1. As in previous exercises, either create a new R script (perhaps
call it graphical_data_exploration) or continue with your previous R
script in your RStudio Project. Again, make sure you include any
metadata you feel is appropriate (title, description of task, date of
creation etc) and don’t forget to comment out your metadata with a
#
at the beginning of the line.
2. If you haven’t already, download the data file
‘loyn.xlsx’ from the Data link
and save it to the data
directory you created during
Exercise 1. Open this file in Microsoft Excel (or even better use an
open source equivalent - LibreOffice is
a good free alternative) and save it as a tab delimited file type. Name
the file ‘loyn.txt’ and also save it to the data
directory.
3. These data are from a study originally conducted by Loyn (1987)1 and subsequently re-analysed by Quinn and Keough (2002)2 and Zuur et al (2009)3. The aim of the study was to relate bird density in 67 forest patches to a number of different environmental variables and management practices. A summary of the variables is: ABUND: Density of birds, Continuous response; AREA: Size of forest patch, Continuous explanatory; DIST: Distance to nearest patch, Continuous explanatory; LDIST: Distance to nearest larger patch, Continuous explanatory; ALT: Mean altitude of patch, Continuous explanatory; YR.ISOL: Year of isolation of clearance, Continuous explanatory; GRAZE: Index of livestock grazing intensity, 5 level Categorical explanatory 1= low graze, 5 = high graze. Add a description of your variables to the metadata you created previously. Clearly highlight which variable is the response variable and which variables are potential explanatory variables.

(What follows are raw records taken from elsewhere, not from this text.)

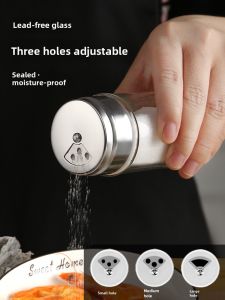 Glass Seasoning Bottle Set Pepper Salt Powder Sprinkler Kitchen Home Use Seasoning Box Barbecue Seasoning Jar Rotating Cover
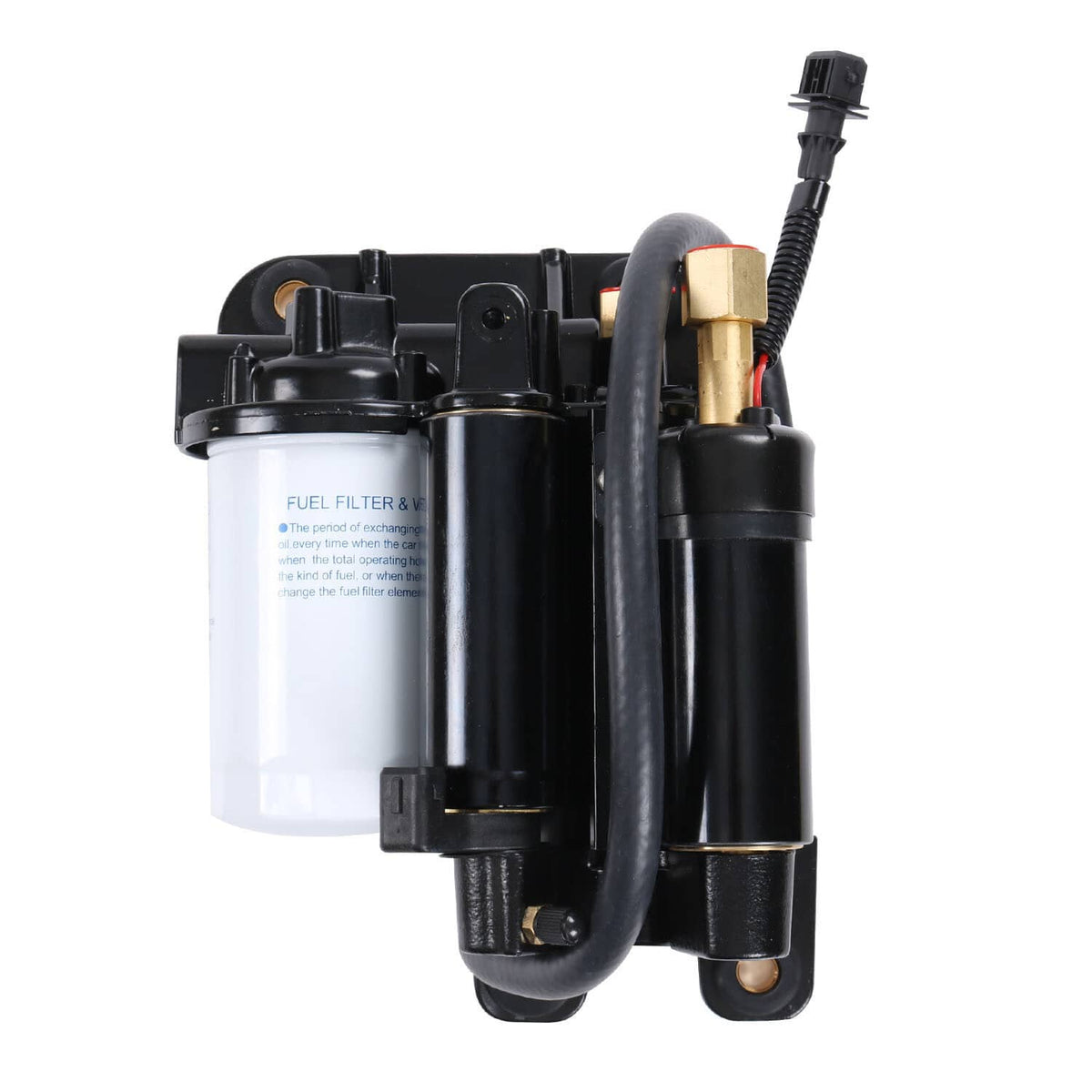 Electric fuel pump assembly with black body, fuel filter canister, and wiring harness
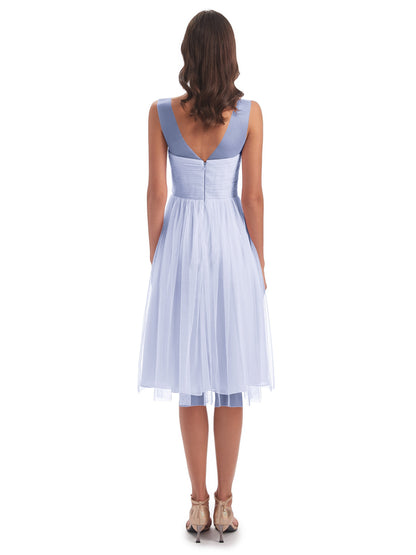 Brooklyn Knee Length Illusion Scoop Tulle Bridesmaid Dresses
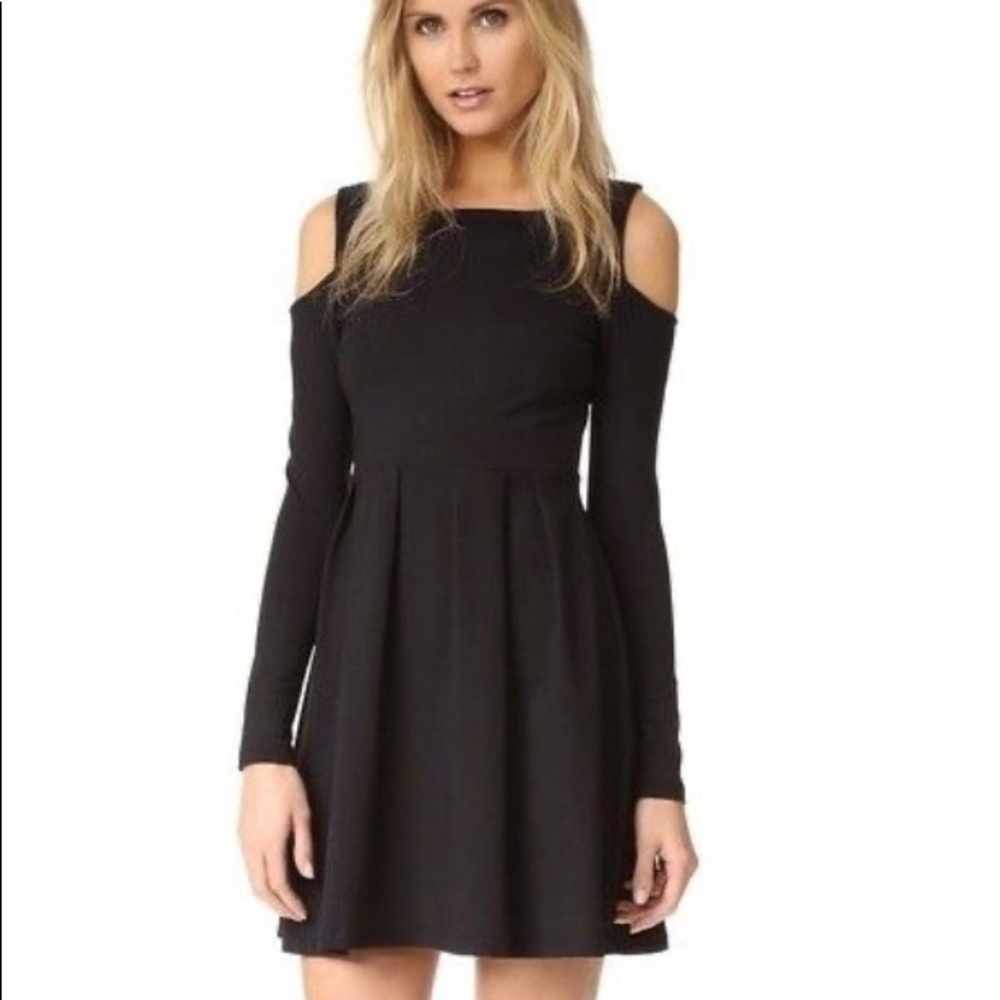 Susana Monaco cold shoulder little black dress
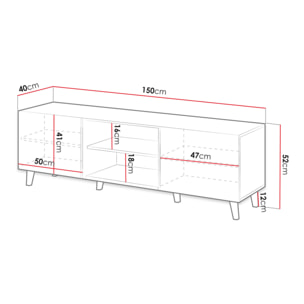 Come - meuble TV - effet bois - 2 portes et 2 niches - 150 cm - Bois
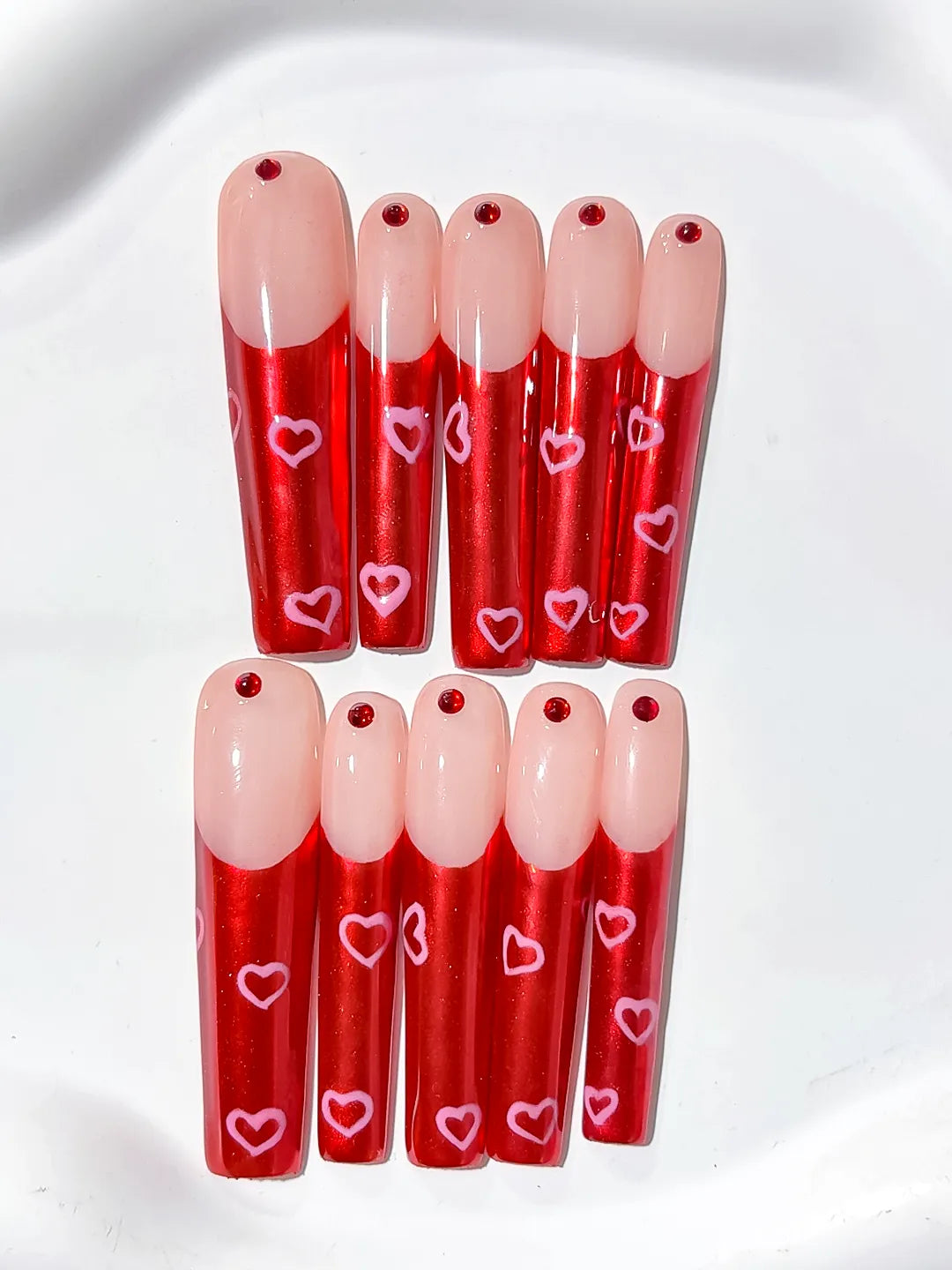L053 - Long Nude Red Square Solid color Rhinestone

4. Import your ‘loyn.txt’ file into R using the
read.table()
function and assign it to an object called
loyn
(checkout Section
3.3.2 if you need a reminder). Use the str()
function
to display the structure of the dataset and the summary()
function to summarise the dataset. Copy and paste the output of
str()
and Summary()
to your R code as a
record. Don’t forget to comment this code with a #
at the
beginning of each line (can you remember the keyboard shortcut?). How
many observations are in this dataset? How many variables does the
dataframe contain? Are there any missing values (coded as
NA
) in any variable? How is the variable GRAZE
coded? (as a number or a string?). If you think this will cause a
problem (hint: it will!), create a new variable called
FGRAZE
in the dataframe with
GRAZE
recoded as a factor.
loyn <- read.table("./data/loyn.txt", header = TRUE,
stringsAsFactors = TRUE)
str(loyn)
## 'data.frame': 67 obs. of 8 variables:
## $ SITE : int 1 60 2 3 61 4 5 6 7 8 ...

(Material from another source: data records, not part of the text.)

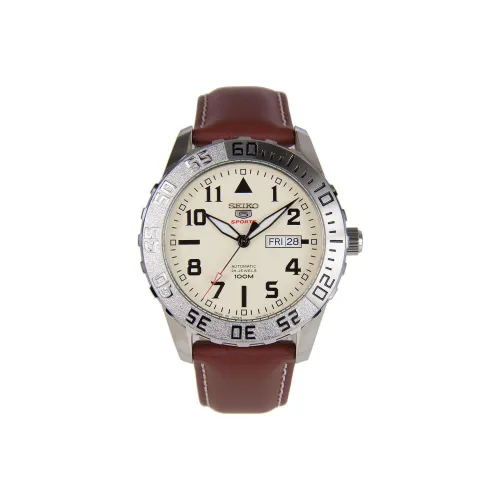 SEIKO Seiko5 Automatic Mechanical Movement Leather Strap Watch 40mm Men's Watches Yellow Watch Dial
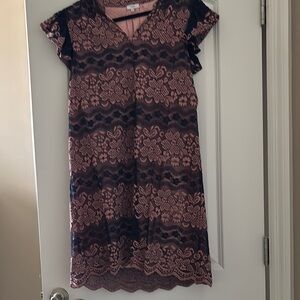 Elegant Lace Mini Dress - Pink and navy blue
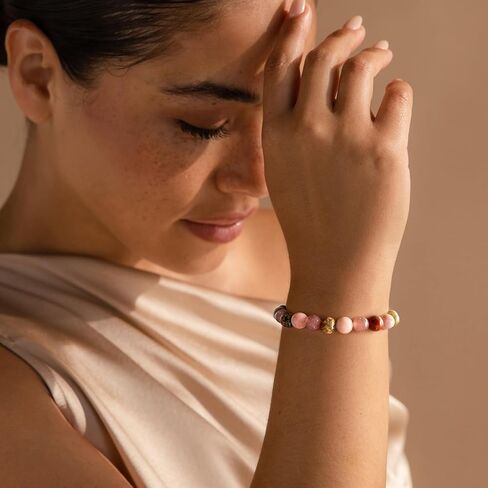 Birthstone Crystal Floral Bracelets for Women Men Colorful Stone Bracelet for Women Reduce Anxiety Zodiac Month Bracelet Birthday Graduation Gifts in Kuwait
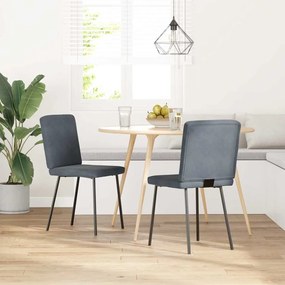 Sedie Da Pranzo 2 Pz Grigio Scuro İn Velluto /
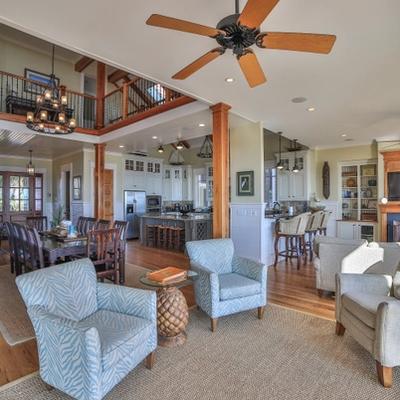 Open floor plan in a Folly Beach vacation rental. 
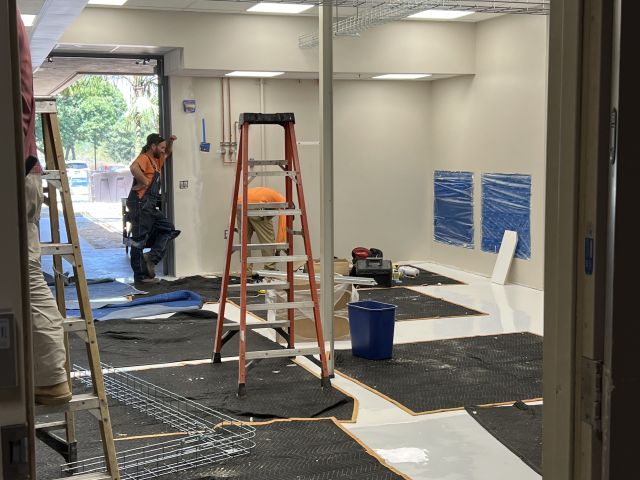 Microscope room during floor installation
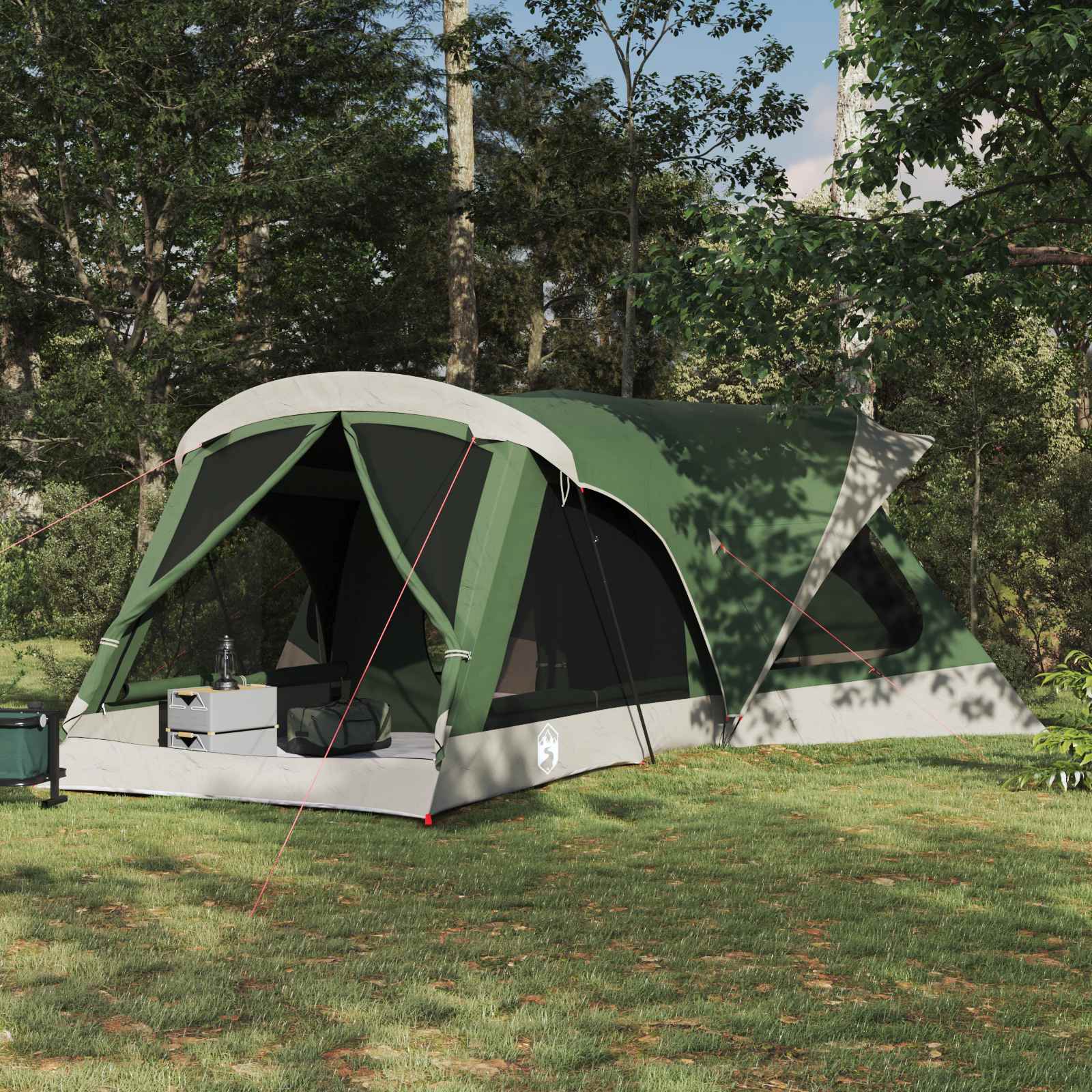 Ruime vidaXL gezinstent in groen met een comfortabele ingang, geplaatst in een bosrijke omgeving.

## $ ABUND : num 5.3 10 2 1.5 13 17.1 13.8 14.1 3.8 2.2 ...
## $ AREA : num 0.1 0.2 0.5 0.5 0.6 1 1 1 1 1 ...
## $ DIST : int 39 142 234 104 191 66 246 234 467 284 ...
## $ LDIST : int 39 142 234 311 357 66 246 285 467 1829 ...
## $ YR.ISOL: int 1968 1961 1920 1900 1957 1966 1918 1965 1955 1920 ...
## $ GRAZE : int 2 2 5 5 2 3 5 3 5 5 ...
## $ ALT : int 160 180 60 140 185 160 140 130 90 60 ...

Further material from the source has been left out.